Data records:
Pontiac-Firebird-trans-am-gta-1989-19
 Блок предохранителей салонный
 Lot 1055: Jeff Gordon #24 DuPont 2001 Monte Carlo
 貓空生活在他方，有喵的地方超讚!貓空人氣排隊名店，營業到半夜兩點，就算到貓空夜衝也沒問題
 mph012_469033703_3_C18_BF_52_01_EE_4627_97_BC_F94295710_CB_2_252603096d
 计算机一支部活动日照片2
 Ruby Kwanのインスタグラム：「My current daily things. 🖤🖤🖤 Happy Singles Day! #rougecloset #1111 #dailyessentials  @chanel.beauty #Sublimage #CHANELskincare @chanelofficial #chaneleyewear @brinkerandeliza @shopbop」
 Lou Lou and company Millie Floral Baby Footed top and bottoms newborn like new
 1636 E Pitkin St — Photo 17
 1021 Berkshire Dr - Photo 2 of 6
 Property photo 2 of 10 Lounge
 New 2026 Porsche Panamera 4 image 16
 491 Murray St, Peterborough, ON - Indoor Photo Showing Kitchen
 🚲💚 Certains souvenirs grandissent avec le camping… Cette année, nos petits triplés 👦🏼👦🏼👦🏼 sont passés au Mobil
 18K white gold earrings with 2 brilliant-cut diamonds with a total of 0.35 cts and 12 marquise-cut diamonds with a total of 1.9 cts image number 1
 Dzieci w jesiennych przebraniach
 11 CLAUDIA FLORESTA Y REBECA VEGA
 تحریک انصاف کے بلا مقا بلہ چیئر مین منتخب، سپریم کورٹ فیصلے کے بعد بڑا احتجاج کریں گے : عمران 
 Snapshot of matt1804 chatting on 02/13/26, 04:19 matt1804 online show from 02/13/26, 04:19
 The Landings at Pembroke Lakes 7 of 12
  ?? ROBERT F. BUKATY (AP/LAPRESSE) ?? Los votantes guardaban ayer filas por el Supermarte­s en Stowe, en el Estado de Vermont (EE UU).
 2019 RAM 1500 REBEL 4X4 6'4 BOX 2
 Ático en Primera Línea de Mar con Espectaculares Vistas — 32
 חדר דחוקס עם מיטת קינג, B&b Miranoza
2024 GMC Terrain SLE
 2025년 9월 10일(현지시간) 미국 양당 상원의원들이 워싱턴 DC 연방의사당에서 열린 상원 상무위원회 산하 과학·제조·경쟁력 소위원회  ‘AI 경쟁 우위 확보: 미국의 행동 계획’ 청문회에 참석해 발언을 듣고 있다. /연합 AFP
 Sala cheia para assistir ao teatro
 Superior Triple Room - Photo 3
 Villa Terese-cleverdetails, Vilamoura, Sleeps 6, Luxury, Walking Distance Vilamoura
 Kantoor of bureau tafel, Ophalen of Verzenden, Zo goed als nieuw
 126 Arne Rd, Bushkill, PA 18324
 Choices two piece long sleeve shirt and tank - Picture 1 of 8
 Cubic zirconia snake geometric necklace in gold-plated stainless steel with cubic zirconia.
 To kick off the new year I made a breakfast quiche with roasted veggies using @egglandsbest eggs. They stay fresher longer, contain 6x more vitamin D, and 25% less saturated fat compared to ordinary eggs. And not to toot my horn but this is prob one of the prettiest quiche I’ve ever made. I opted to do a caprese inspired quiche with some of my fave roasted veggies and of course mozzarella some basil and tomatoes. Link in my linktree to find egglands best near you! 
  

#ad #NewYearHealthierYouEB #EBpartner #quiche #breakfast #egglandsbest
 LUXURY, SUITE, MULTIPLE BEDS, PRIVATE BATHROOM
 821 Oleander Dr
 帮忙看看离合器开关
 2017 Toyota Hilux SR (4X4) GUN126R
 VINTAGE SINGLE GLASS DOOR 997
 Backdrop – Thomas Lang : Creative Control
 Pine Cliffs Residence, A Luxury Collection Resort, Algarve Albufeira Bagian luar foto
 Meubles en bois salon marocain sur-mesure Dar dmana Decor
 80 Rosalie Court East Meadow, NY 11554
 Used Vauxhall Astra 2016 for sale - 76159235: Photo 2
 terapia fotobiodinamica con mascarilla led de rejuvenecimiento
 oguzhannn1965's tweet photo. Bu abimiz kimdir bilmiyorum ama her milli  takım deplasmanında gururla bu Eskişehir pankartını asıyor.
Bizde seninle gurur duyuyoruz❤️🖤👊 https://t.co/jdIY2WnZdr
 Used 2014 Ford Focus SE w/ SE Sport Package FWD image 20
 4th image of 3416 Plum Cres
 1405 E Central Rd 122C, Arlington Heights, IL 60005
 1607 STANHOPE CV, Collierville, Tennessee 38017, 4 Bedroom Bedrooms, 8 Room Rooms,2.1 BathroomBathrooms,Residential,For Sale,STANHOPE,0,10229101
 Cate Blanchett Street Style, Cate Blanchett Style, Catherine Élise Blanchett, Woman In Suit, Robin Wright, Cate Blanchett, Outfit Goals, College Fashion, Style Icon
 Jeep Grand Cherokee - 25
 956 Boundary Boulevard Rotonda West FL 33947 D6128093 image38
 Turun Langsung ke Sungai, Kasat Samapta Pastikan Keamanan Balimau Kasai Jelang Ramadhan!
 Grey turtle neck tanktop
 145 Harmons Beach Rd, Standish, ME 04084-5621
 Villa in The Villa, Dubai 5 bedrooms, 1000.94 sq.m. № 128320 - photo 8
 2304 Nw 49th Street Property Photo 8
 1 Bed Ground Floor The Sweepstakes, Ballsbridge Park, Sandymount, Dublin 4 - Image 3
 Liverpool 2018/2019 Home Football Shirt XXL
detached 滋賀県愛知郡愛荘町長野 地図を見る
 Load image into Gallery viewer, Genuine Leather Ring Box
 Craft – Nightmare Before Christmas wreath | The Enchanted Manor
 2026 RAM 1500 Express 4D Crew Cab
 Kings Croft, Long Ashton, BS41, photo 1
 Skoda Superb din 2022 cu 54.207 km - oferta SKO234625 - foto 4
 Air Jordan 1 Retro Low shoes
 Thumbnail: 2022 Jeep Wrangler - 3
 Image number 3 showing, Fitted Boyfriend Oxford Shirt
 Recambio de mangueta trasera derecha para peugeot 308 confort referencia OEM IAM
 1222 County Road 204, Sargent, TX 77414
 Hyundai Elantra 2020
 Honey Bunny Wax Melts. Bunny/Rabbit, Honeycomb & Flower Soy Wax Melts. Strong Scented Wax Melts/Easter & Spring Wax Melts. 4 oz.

WHAT THE TASK REQUIRES:
Reproduce, character for character, only the lines of the preceding data that start at the line with "Lot 1055: Jeff" and end at the line with "passés au Mobil", both included.

YOUR SOLUTION:
 Lot 1055: Jeff Gordon #24 DuPont 2001 Monte Carlo
 貓空生活在他方，有喵的地方超讚!貓空人氣排隊名店，營業到半夜兩點，就算到貓空夜衝也沒問題
 mph012_469033703_3_C18_BF_52_01_EE_4627_97_BC_F94295710_CB_2_252603096d
 计算机一支部活动日照片2
 Ruby Kwanのインスタグラム：「My current daily things. 🖤🖤🖤 Happy Singles Day! #rougecloset #1111 #dailyessentials  @chanel.beauty #Sublimage #CHANELskincare @chanelofficial #chaneleyewear @brinkerandeliza @shopbop」
 Lou Lou and company Millie Floral Baby Footed top and bottoms newborn like new
 1636 E Pitkin St — Photo 17
 1021 Berkshire Dr - Photo 2 of 6
 Property photo 2 of 10 Lounge
 New 2026 Porsche Panamera 4 image 16
 491 Murray St, Peterborough, ON - Indoor Photo Showing Kitchen
 🚲💚 Certains souvenirs grandissent avec le camping… Cette année, nos petits triplés 👦🏼👦🏼👦🏼 sont passés au Mobil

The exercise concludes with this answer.